What to Expect when You’re Expecting: Notes on Expectations, Variances, and Probabiblities

\[\newcommand{\P}{\mathbb{P}} \newcommand{\E}{\mathbb{E}} \newcommand{\V}{\mathbb{V}}\]

In this note, I outline some of the basic properties of expectations and variances of random variables. I also show how many of these properties can be extended to probabilities via the use of indicator functions.

Random Variables

So far, we have mainly focused on probabilities of individual events (e.g., the probability of rolling a certain sum from a set of dice). This is useful enough, but somewhat limiting. If we have to start from scratch and build probabilities for every possible event from the raw sample space, we will never get anything done. A far more productive approach is to work with random variables. Formally, a random variable is a function from the sample space to the set of real numbers. That is, for every \(\omega \in \Omega\), we can define a random variable \(X\) as \(X(\omega) = f(\omega)\). \(X\) inherits a probability measure from \(\Omega\): \[\P(X = a) = \P(X(\omega) = a) = \P(\{\omega: X(\omega) = a\}).\] That is, we compute the probability of \(X\) taking a value \(a\) by looking at the probability of all inputs that could have lead to \(a\). (This induced measure is sometimes called the ‘push-forward’ because we get probabilities on \(X\) by pushing ‘raw’ probabilities on \(\Omega\) into \(X\)-world.) Because \(X\) ever only takes one value at at time, the events \(\{X = a_1\}, \{X = a_2\}, \dots\) are disjoint, which makes it much easier to calculate with \(X\) than it is with \(\omega\). For example, \[\P(X = a \text{ or } X = b) = \P(X = a) + \P(X = b) - \P(X = a \text{ and } X = b) = \P(X = a) + \P(X = b)\]

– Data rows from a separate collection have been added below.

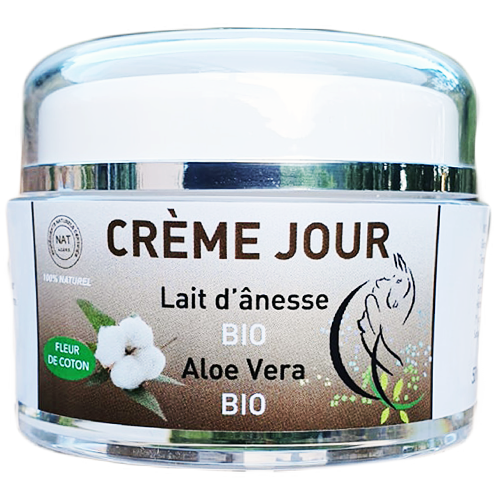 Crème de jour au lait d'ânesse bio FLEUR DE COTON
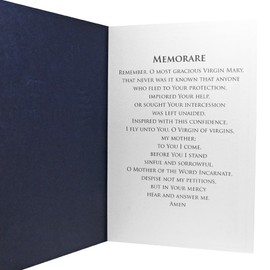 Catholic Mass Card and Envelope With Sympathy and Colourful Miraculous Virgin Mary on Inside Cover - Blue Card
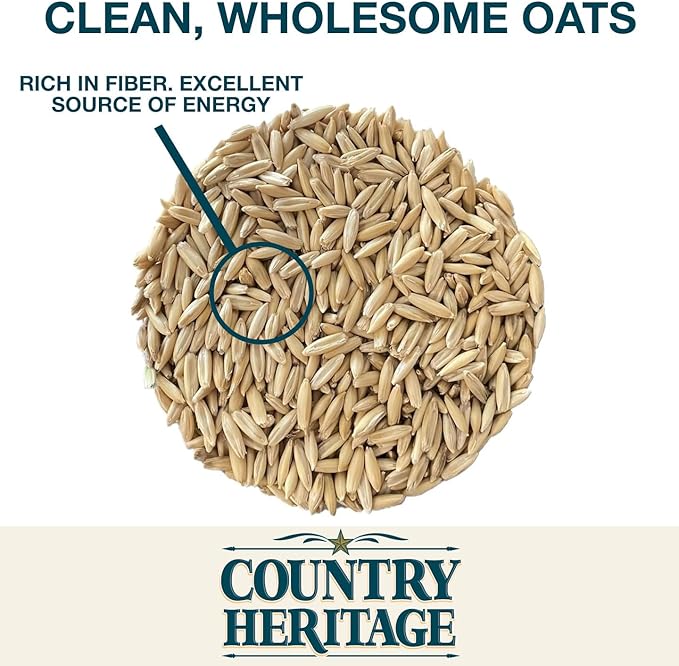 Country Heritage Whole Oats - Feed Grade Grains - for Horses, Cattle, Sheep, Goats and More - 50 Pounds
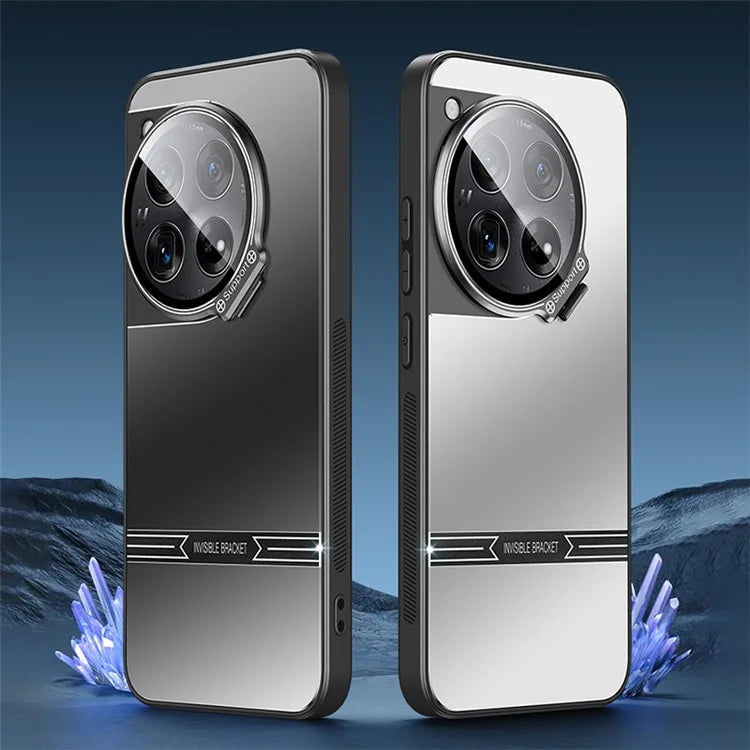 For OnePlus 12 5G Cell Phone Cases Matte PC+TPU Cover with Lens Frame Kickstand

This formal definition is great, but we can also just ‘start’ with \(X\) and avoid talking about the sample space \(\Omega\) at all. Specifically, let’s define a random variable \(X\) by a set of probabilities and real values, subject to the constraint that the probabilities add to 1. For example, we may define the random variable \(X\) by:

Random Variable \(X\)
\(a\) \(\P(X = a)\)
1 \(\frac{1}{16}\)
2 \(\frac{4}{16} = \frac{1}{4}\)
3 \(\frac{6}{16} = \frac{3}{8}\)
4 \(\frac{4}{16} = \frac{1}{4}\)
5 \(\frac{1}{16}\)

Examining this, we see that the sum \(\sum_{a=1}^5 \P(X = a) = 1\) so \(X\) here is a valid random variable.

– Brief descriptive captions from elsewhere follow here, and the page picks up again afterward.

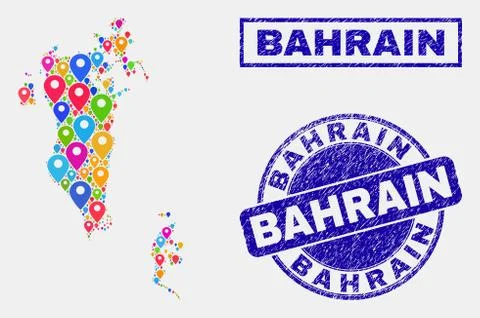 Map Markers Collage of Bahrain Map and Grunge Seals 스톡 일러스트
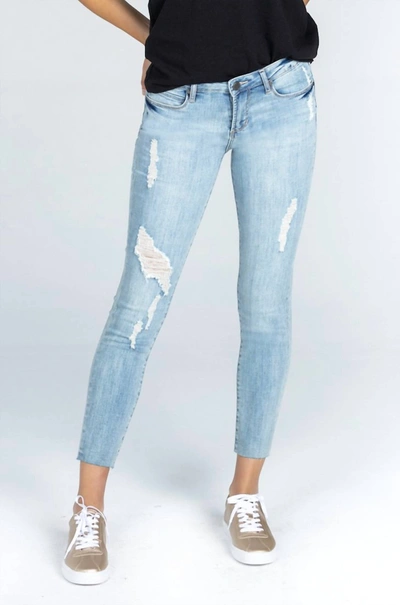 Shop Articles Of Society Cane Mid Rise Jeans In Light Blue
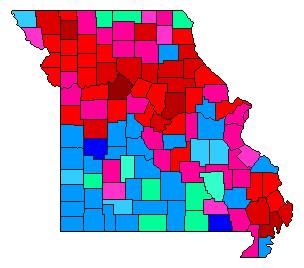 1972 Missouri County Map of Democratic Primary Election Results for State Treasurer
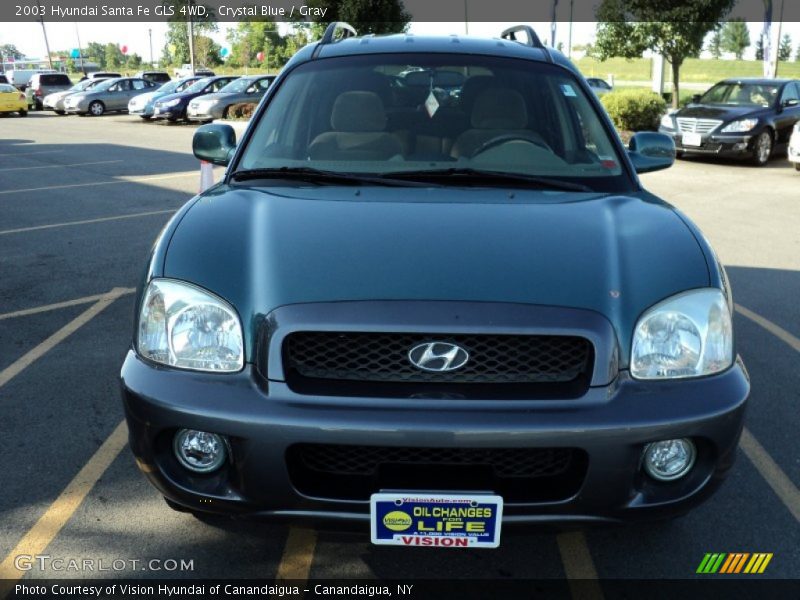 Crystal Blue / Gray 2003 Hyundai Santa Fe GLS 4WD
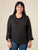 Blusa Donna Curvy Manica Lunga con Scollo a Barca e Risvolto  Vestibilità Svasata ed Elastico sui Polsi. F551YBFKIKI NERO Lizalù Donna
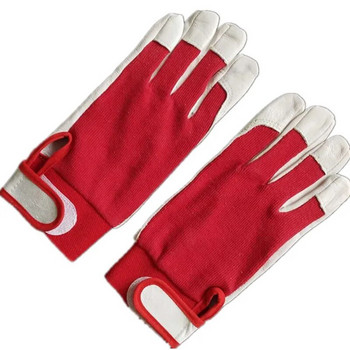 1 чифт Механични работни ръкавици Кожено палто за заваряване Тежка индустриална ръкавица Червени бели тежки спортни защитни ръкавици Спортна ръкавица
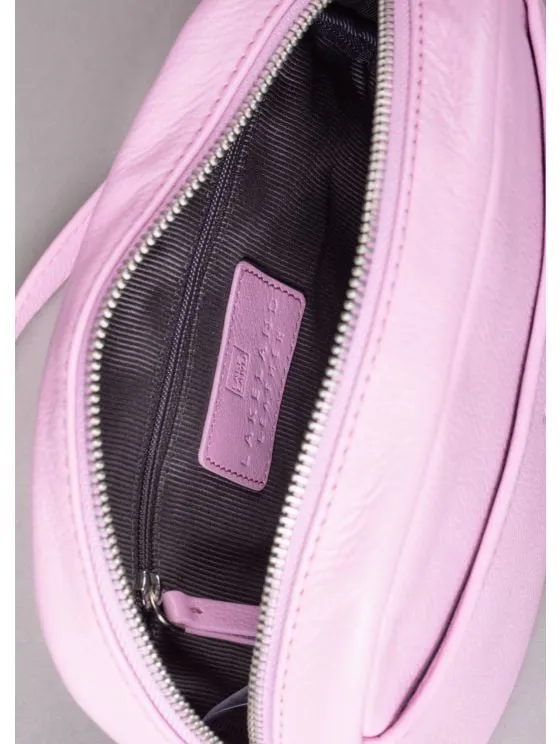 Coniston Leather Cross Body Camera Bag in Light Pink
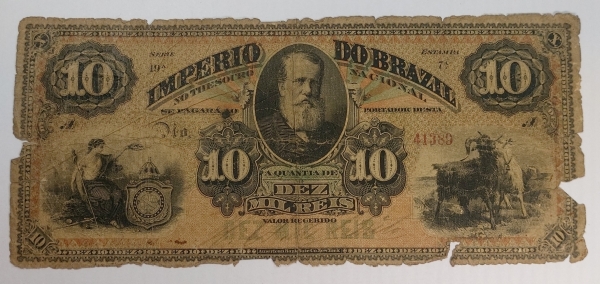 Cédula Império do Brasil, 10 mil réis, no estado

Random Variables - Working Definition

A random variable \(X\) is defined by a set of outcome-probability pairs \(X \equiv \{(a_1, p_1), (a_2, p_2), \dots\}\) such that:

  1. The outcomes are all distinct \(a_i \neq a_j\) for \(i \neq j\);
  2. The probabilities are non-negative: \(p_i \geq 0\) for all \(i\); and
  3. The probabilities sum to \(1\): \(\sum_i p_i = 1\).

The probability expression \(\P(X = a)\) is a ‘look-up’ expression:

\[\P(X = a) = p \text{ if and only if } (a, p) \in X\]

Comparing this to the “naive” definition of probability (all outcomes equal - events comprised of different numbers of outcomes), you might argue that we haven’t actually simplified anything: we’ve just moved the complexity around. Technically, you may be right, but I would argue that working from random variables as our starting point is hugely helpful. We have replaced the tedious and somewhat painful algebra of counting with the simple and easily automated algebra of summing. For instance, if we want to compute the probability that the random variable \(X\) we defined above is even, we only need to sum \[\P(X = 2) + \P(X = 4) = \frac{1}{4} + \frac{1}{4} = \frac{1}{2}.\] No intersections, unions, permutations, or combinations to be seen.

A Note on Notation

In this course, we will adopt a nearly universal notational convention: capital letters, e.g. \(X\), refer to random variables while \(x\) refers to fixed deterministic (non-random) quantities. In this convention, a statement like \(\P(X = x)\) is asking what is the probability that a random quantity (\(X\)) takes a certain fixed value. When we have multiple random variables in play (\(X, Y\)), we can compute \(\P(X = Y)\), the chance of a ‘tie’, but statements like \(\P(x = y)\) are essentially meaningless since there’s no randomness.

When the set of outcomes is ‘not too infinite’, we refer to \(X\) is as a discrete random variable and require the probabilities to sum to one. If \(X\) is ‘quite infinite’, we refer to \(X\) as a continuous random variable and require probabilities to integrate to one instead.1 Specifically, if \(X\) has:

  • a finite set of outcomes; or
  • an infinite set of outcomes that can be listed (‘countably infinite’)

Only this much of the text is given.